Yes "anybody" can make an iso engine. But then compare time spent on the engine. vtrix is right on figuring price. The more niche the closer to your expected pay wage you should charge.
As an example
C2 is a windows tool. Thus makes sense that on a cost ration it's cheaper than your iso engine.
Your iso engine can only work inside C2 and no other game tool.
Then your iso engine is only for people who want iso games.
So it makes sense that your Iso engine on a scale cost ratio costs more per hour of effort than C2. Same with a tool like Spriter that is meant to target EVERYONE who makes 2D games.
I find Unity asset store ranges from $5 to $100. With unique on the higher side.

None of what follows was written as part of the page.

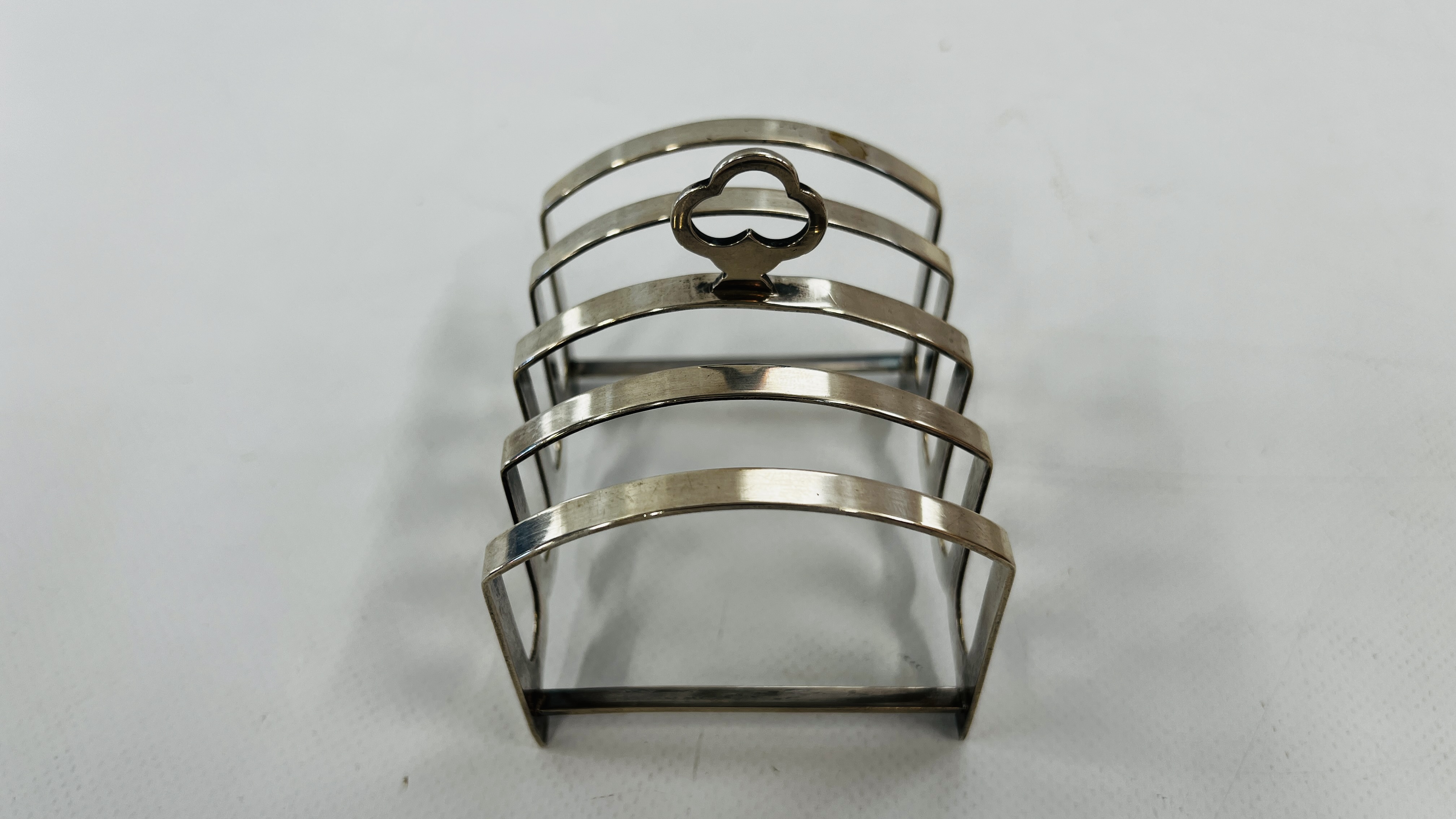 AN ANTIQUE SILVER TOAST RACK, BIRMINGHAM ASSAY 1938 MAKER H.F. WITHERS. - Image 3 of 10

so someone could either spend 16 hours at $40/hr($640) or they can spend 30m to purchase and integrate for $50. Ok. I don't get paid $40/hr. but that is apparently the going rate for experienced programmers in my city. And I don't know about other, but I have seen a dramatic increase in the number of people who CAN'T make new things.
Also if I may offer a few more pieces of advice.

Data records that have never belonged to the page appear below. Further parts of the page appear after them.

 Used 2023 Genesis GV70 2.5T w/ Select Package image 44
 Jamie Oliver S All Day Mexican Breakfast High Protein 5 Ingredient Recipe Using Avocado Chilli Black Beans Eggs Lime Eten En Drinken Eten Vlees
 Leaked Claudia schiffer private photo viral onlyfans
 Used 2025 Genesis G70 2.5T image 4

* CLEAN. Remove all disabled code or leave a comment why it's in.
* DOCUMENT. To make code usefull make sure people have comments to read as to what it does and how it goes about it.
* POLISH. try to reduce fluff code
* SEPERATE. if you have sample code. Make sure it's not integrated into the main engine code.
* MINIMIZE. when I integrate(ie copy/paste) make sure it's as little as possible.
and demo it. Good graphics are only for people who don't understand the code they are buying. People who understand the code they are buying don't need good graphics.
edit:
oh I also forgot to mention. No matter what you need to run on the honour system. There will always be people who will infringe or distribution. However you can at least get a License agreement in your code and upon agreement of purchase.
That way if the code is distributed you have threatening recourse. Although there is no way to enforce such. but it's at least it is in there.